• [TASK DETAILS] A word-for-word copy of the following listing is needed. Leave out its images.

==== INFORMATION PROVIDED

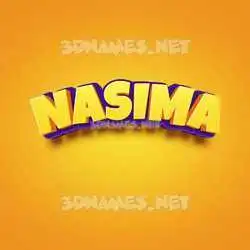 nasima in Orange Toon style - 3D name wallpaper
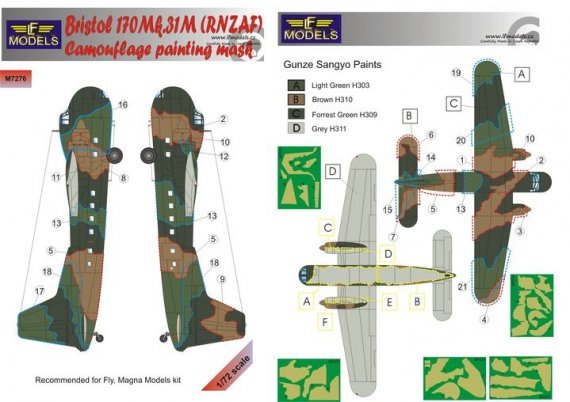 1/72 Bristol 170 Freighter Mk.31 Camouflage Pattern Paint Masks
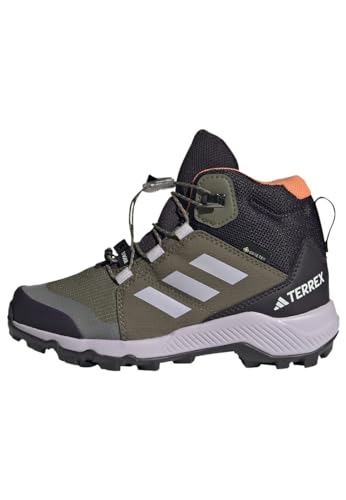 adidas Terrex Mid Gore-Tex Hiking Shoes Nicht-Fußball-Mittelschuhe, Olive strata/Silver Dawn/Amber Tint, 31.5 EU von adidas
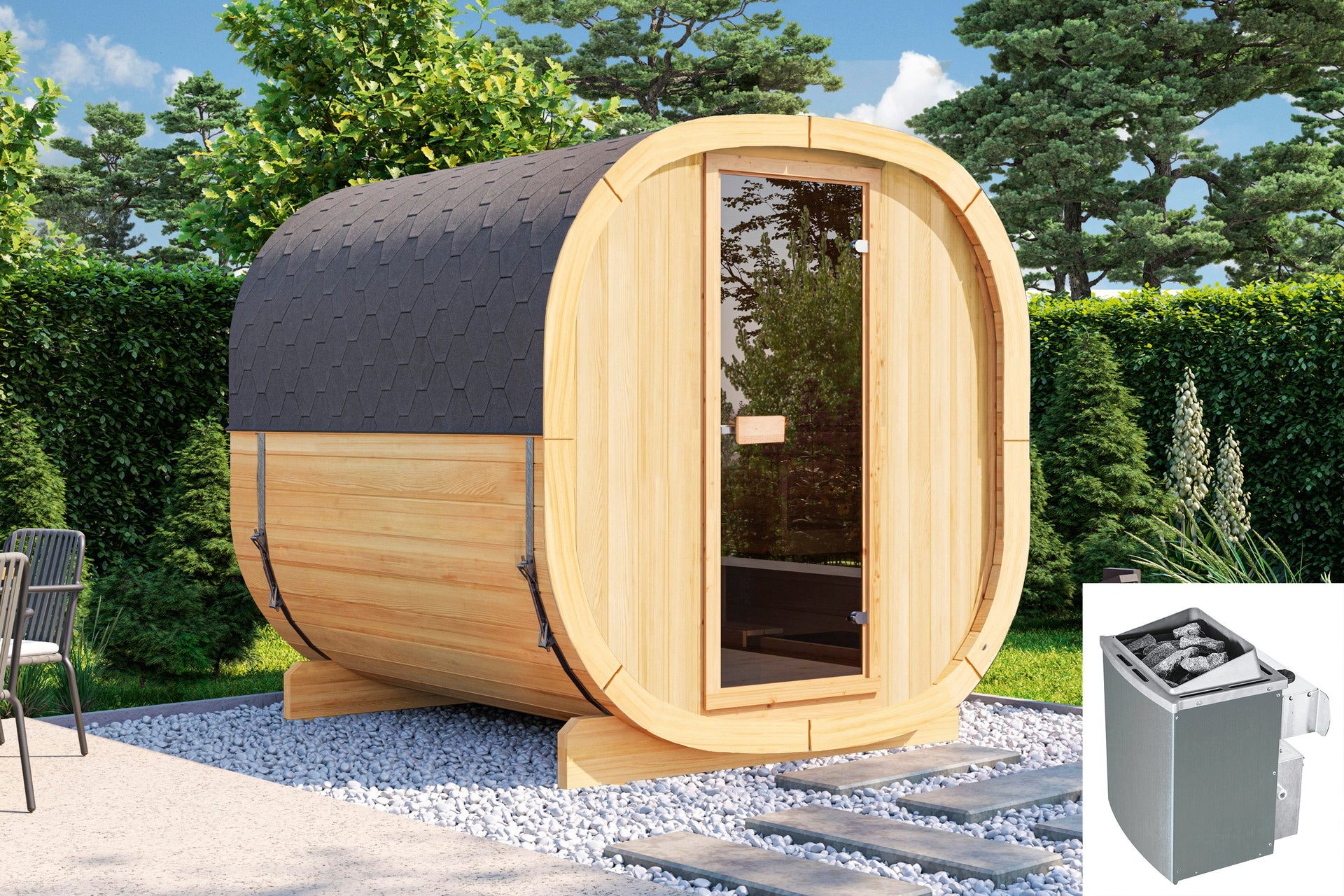 Wolff Finnhaus Saunafass Colm 2123 Set 1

========

• [WRITTEN SOLUTION]
 nasima in Orange Toon style - 3D name wallpaper
 1/72 Bristol 170 Freighter Mk.31 Camouflage Pattern Paint Masks
 adidas Terrex Mid Gore-Tex Hiking Shoes Nicht-Fußball-Mittelschuhe, Olive strata/Silver Dawn/Amber Tint, 31.5 EU von adidas
 Wolff Finnhaus Saunafass Colm 2123 Set 1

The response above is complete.